■ Records to process:
━━━━━━━━━━━━━━━━━━━━━━━━━━━━━━
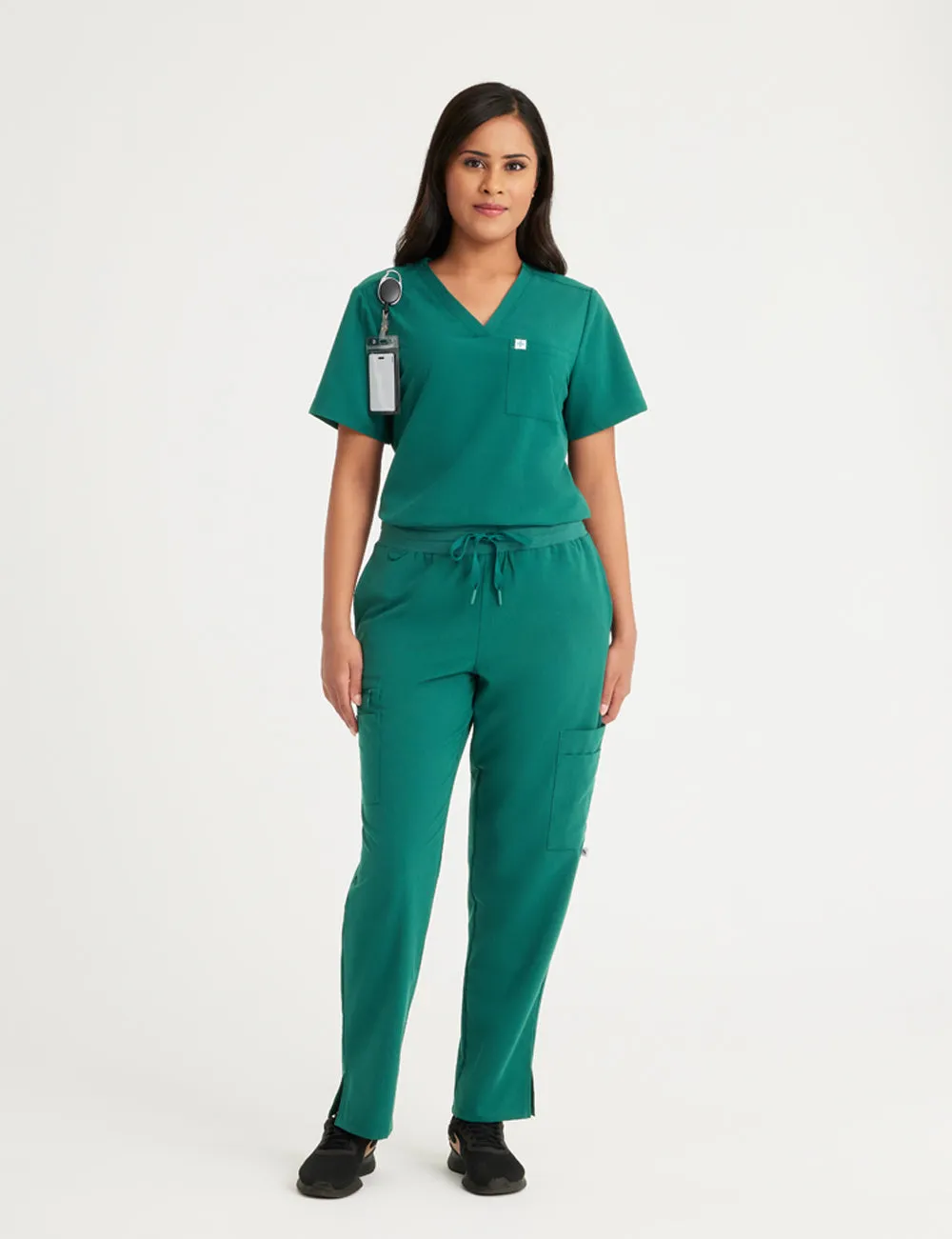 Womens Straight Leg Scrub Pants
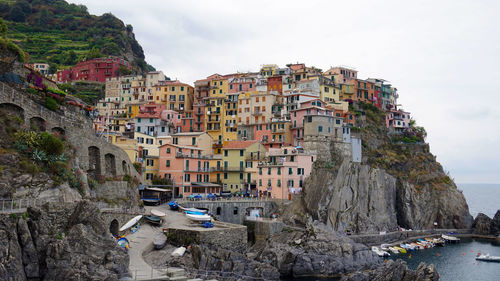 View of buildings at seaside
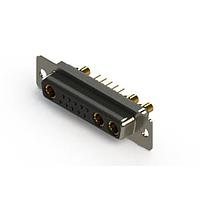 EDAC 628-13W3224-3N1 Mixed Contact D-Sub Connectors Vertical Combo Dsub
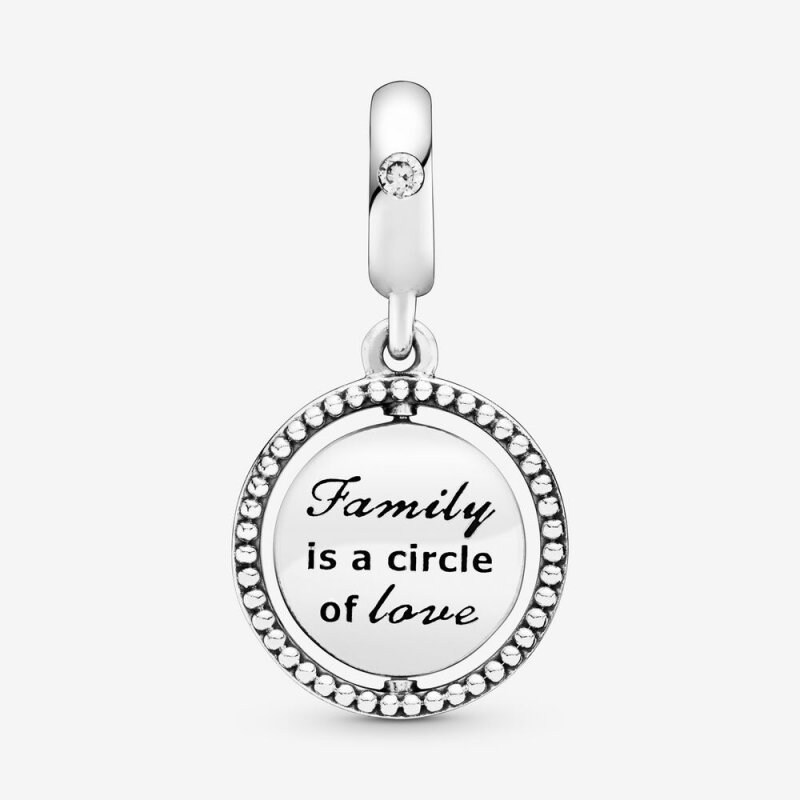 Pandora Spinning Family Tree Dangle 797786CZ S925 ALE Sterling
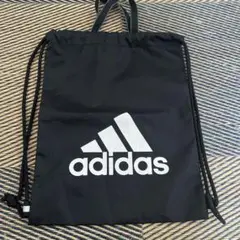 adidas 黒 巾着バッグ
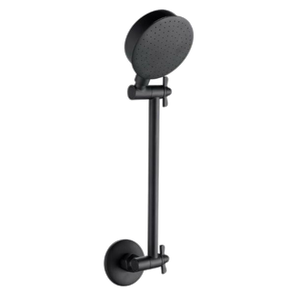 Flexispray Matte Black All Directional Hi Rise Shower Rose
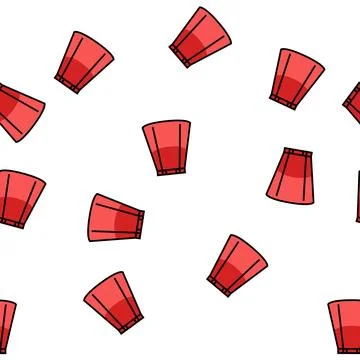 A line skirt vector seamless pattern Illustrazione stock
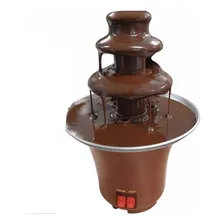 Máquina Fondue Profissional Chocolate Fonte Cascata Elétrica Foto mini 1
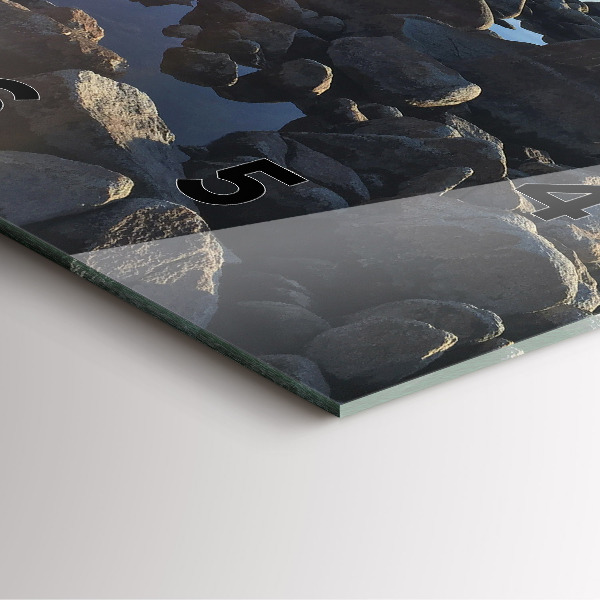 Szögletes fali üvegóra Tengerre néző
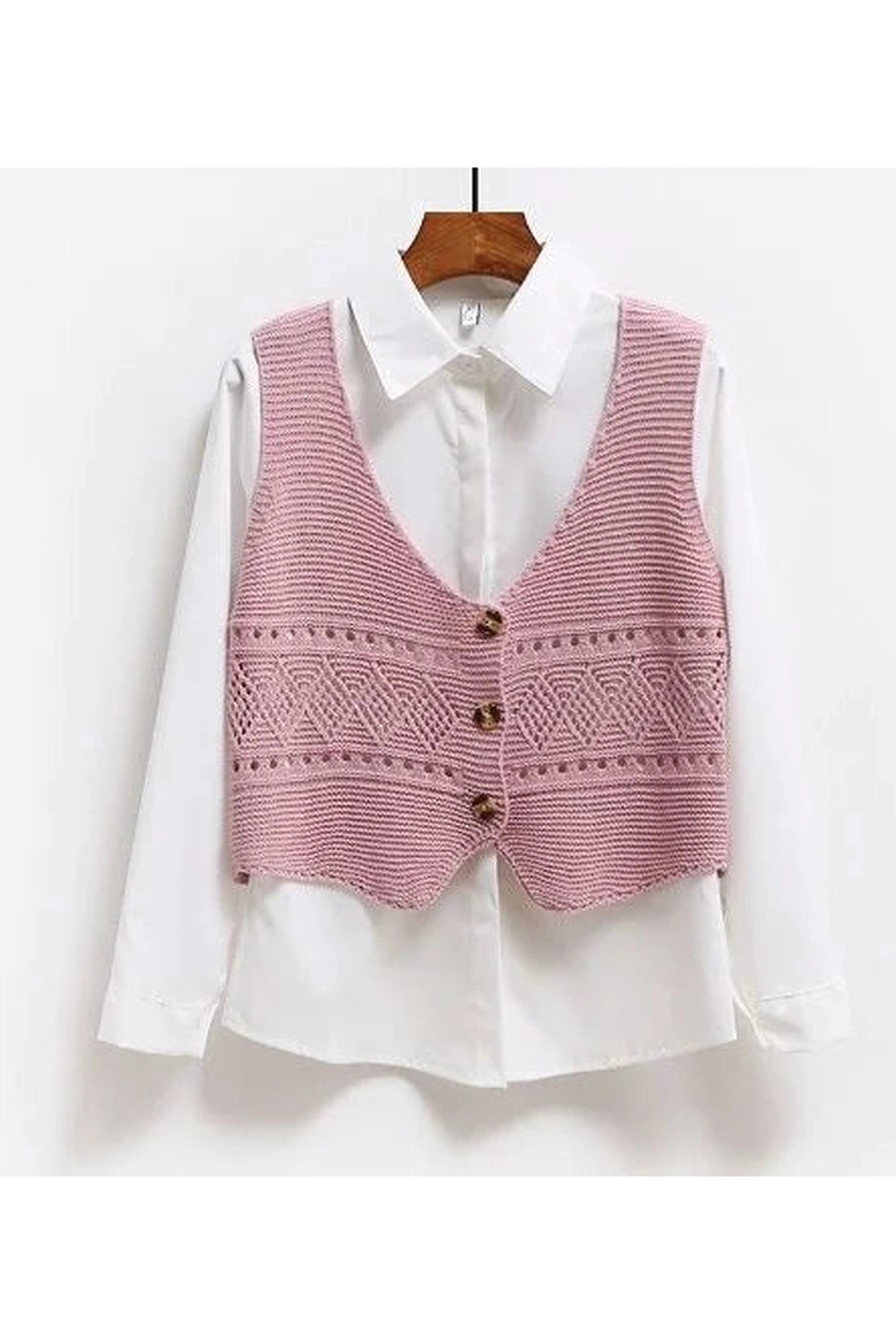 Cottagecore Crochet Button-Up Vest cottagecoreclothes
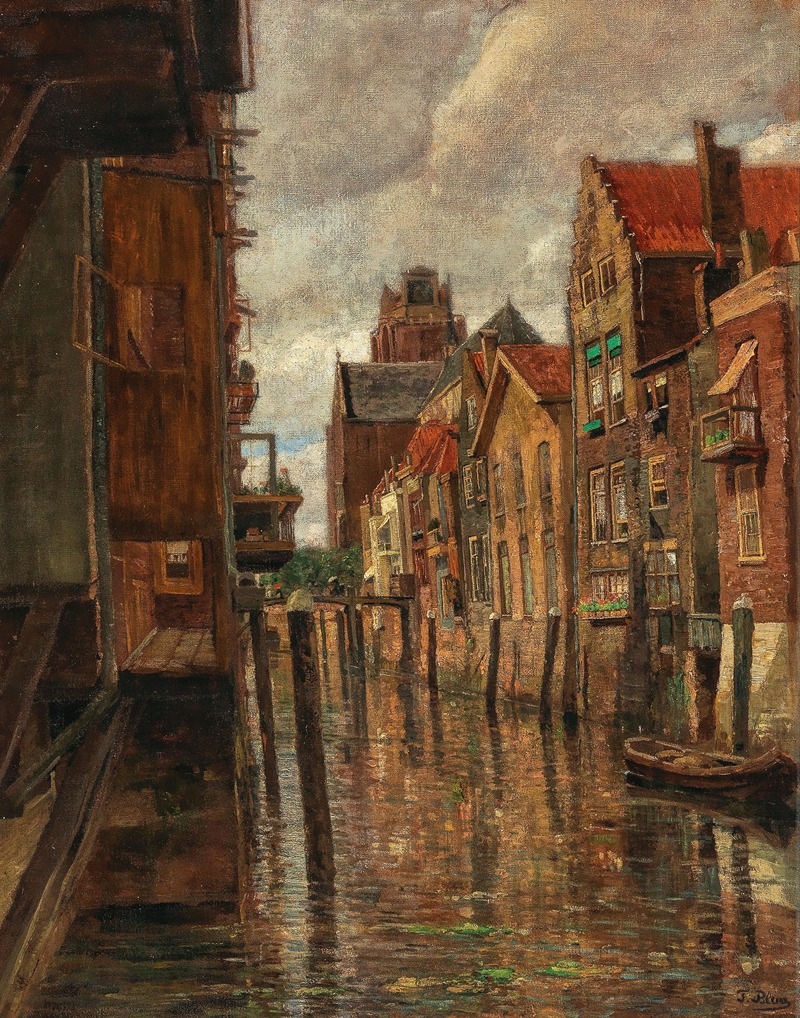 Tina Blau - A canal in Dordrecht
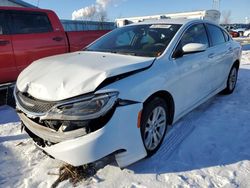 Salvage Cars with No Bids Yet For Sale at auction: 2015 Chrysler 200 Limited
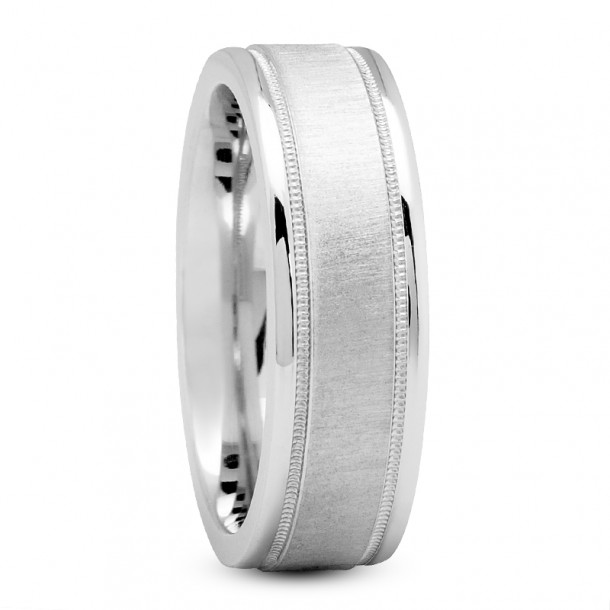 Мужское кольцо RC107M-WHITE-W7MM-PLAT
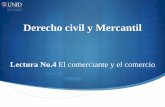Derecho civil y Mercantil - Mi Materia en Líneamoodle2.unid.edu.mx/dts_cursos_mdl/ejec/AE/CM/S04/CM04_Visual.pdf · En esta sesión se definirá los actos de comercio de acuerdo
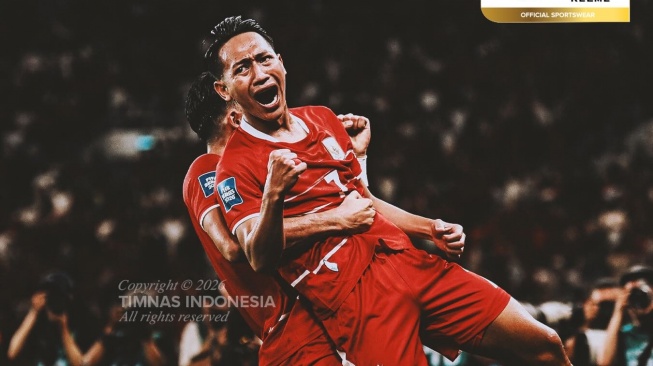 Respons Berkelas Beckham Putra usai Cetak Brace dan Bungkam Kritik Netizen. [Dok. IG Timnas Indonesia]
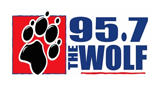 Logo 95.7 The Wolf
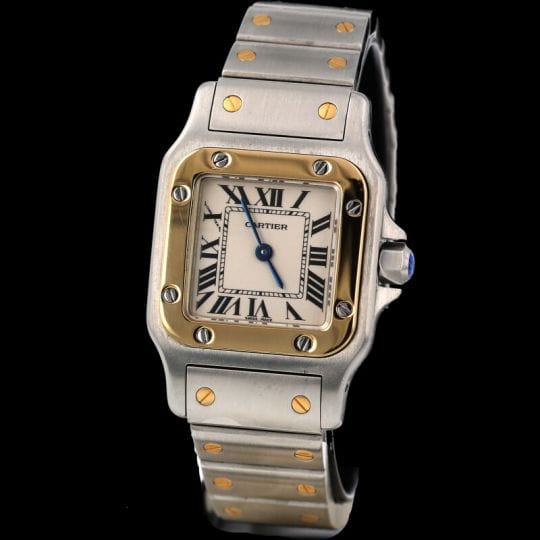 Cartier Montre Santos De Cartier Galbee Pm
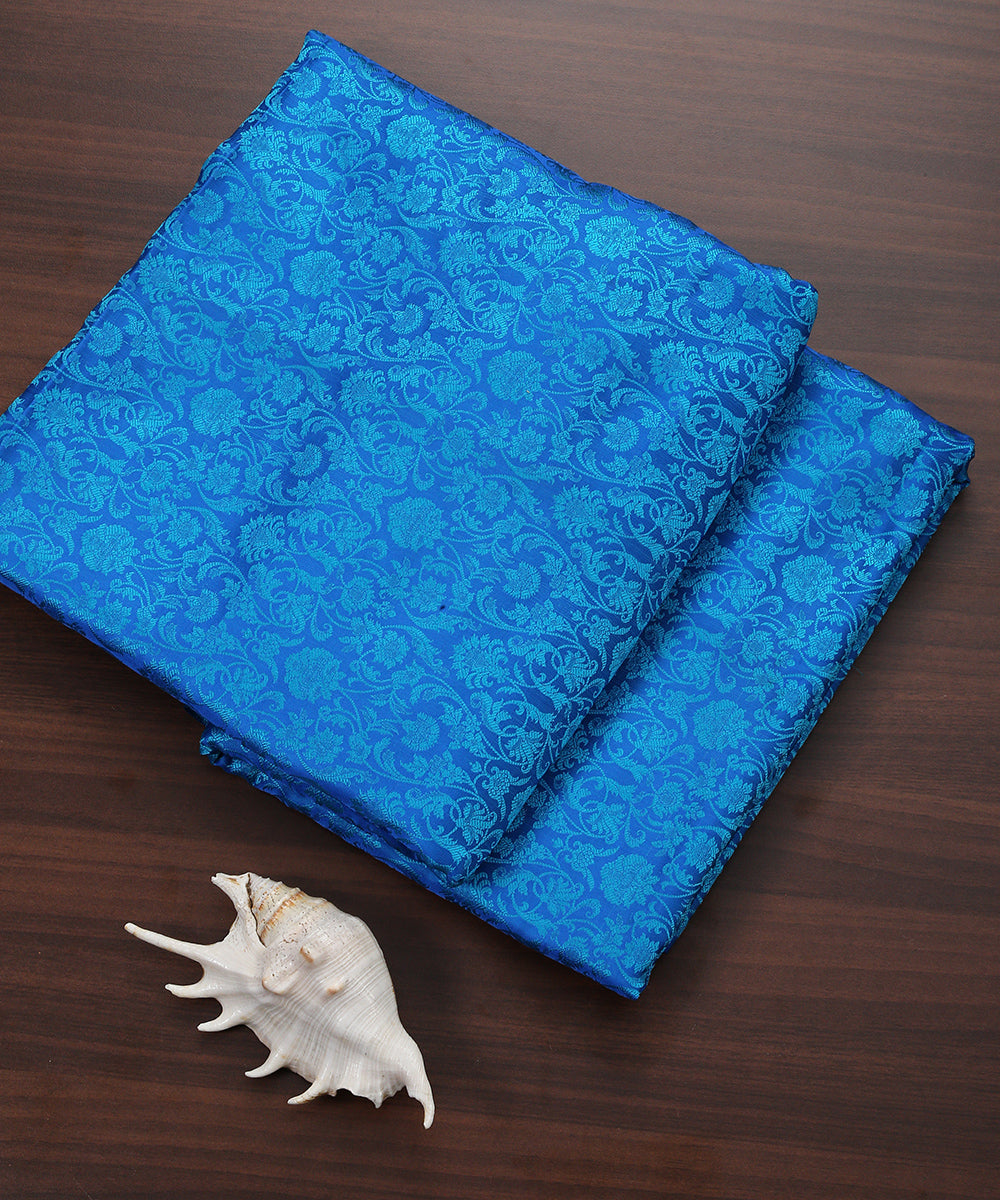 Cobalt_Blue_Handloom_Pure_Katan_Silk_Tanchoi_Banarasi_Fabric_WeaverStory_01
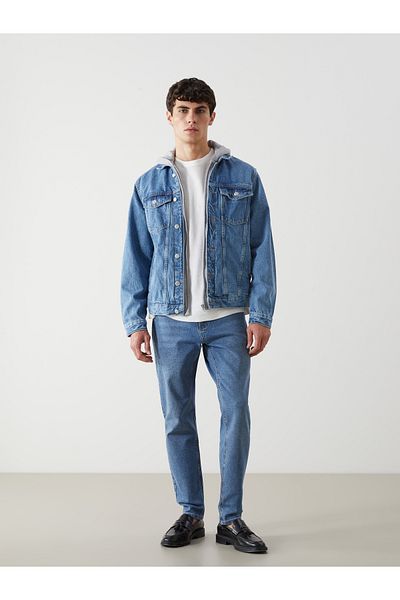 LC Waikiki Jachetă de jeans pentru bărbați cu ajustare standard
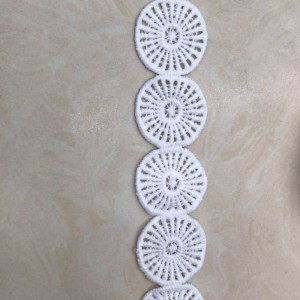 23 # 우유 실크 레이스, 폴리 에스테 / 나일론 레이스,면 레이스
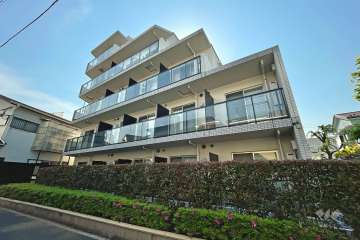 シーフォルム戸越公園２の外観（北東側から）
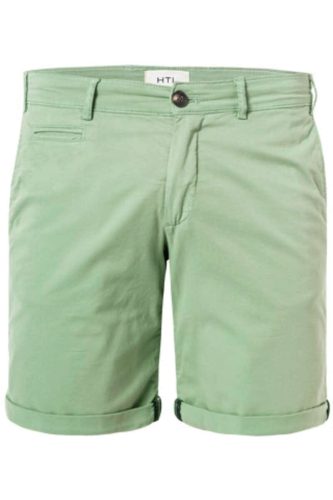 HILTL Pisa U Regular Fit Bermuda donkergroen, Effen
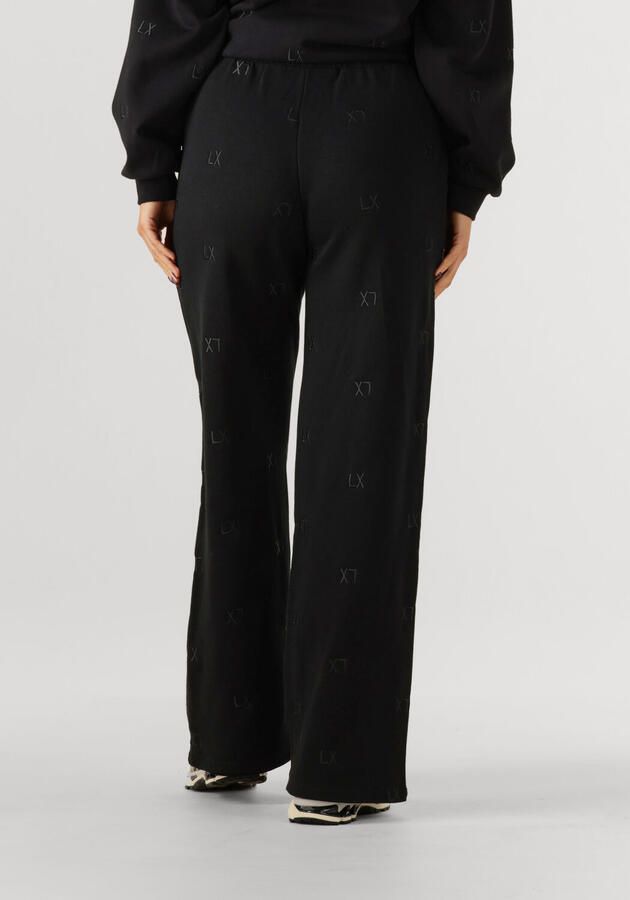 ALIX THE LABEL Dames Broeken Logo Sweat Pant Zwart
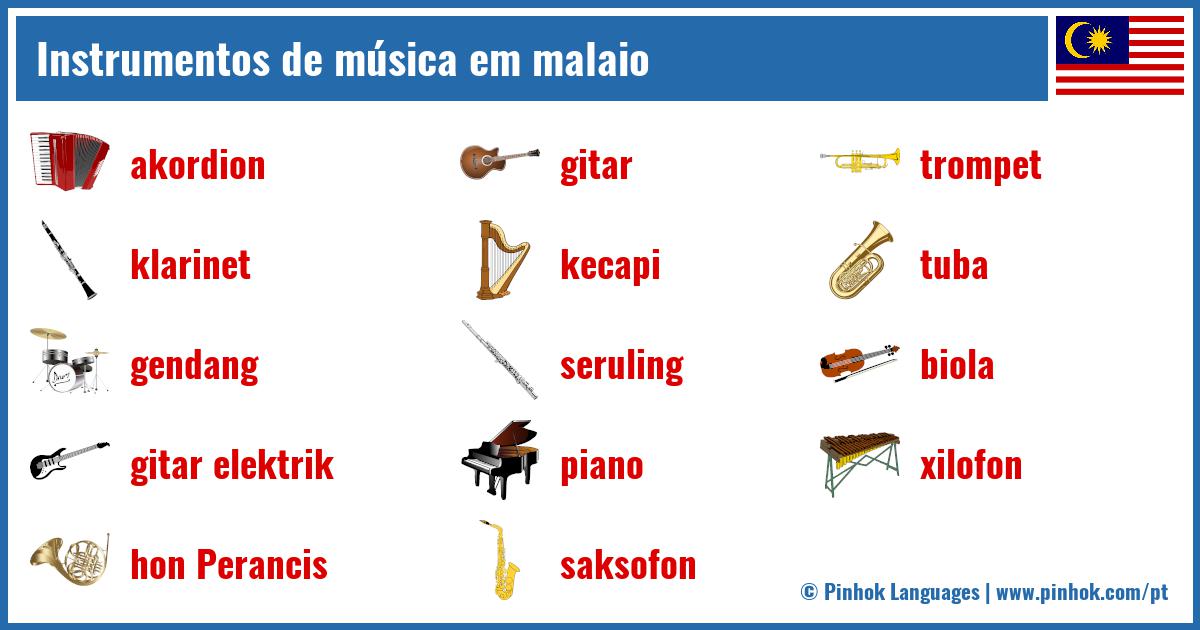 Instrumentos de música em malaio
━━━━━━━━━━━━━━━━━━━━━━━━━━━━━━
■ Requirement:
Your answer must be the lines from the one containing "EDAC 628-13W3224-3N1 Mixed" through the last line of the records, both included, written out exactly and without pictures.

■ Task solution:
 EDAC 628-13W3224-3N1 Mixed Contact D-Sub Connectors Vertical Combo Dsub
 Pandora Spinning Family Tree Dangle 797786CZ S925 ALE Sterling
 adidas 黒 巾着バッグ
 Flexispray Matte Black All Directional Hi Rise Shower Rose
 A line skirt vector seamless pattern Illustrazione stock
 Máquina Fondue Profissional Chocolate Fonte Cascata Elétrica Foto mini 1
 Szögletes fali üvegóra Tengerre néző
 Cottagecore Crochet Button-Up Vest cottagecoreclothes
 Tina Blau - A canal in Dordrecht
 Salvage Cars with No Bids Yet For Sale at auction: 2015 Chrysler 200 Limited
 Мужское кольцо RC107M-WHITE-W7MM-PLAT
Derecho civil y Mercantil - Mi Materia en Líneamoodle2.unid.edu.mx/dts_cursos_mdl/ejec/AE/CM/S04/CM04_Visual.pdf · En esta sesión se definirá los actos de comercio de acuerdo
 Respons Berkelas Beckham Putra usai Cetak Brace dan Bungkam Kritik Netizen. [Dok. IG Timnas Indonesia]
 Logo 95.7 The Wolf
 Cartier Montre Santos De Cartier Galbee Pm
 Cobalt_Blue_Handloom_Pure_Katan_Silk_Tanchoi_Banarasi_Fabric_WeaverStory_01
 LC Waikiki Jachetă de jeans pentru bărbați cu ajustare standard
 23 # 우유 실크 레이스, 폴리 에스테 / 나일론 레이스,면 레이스
 シーフォルム戸越公園２の外観（北東側から）
 HILTL Pisa U Regular Fit Bermuda donkergroen, Effen
 ALIX THE LABEL Dames Broeken Logo Sweat Pant Zwart
 Instrumentos de música em malaio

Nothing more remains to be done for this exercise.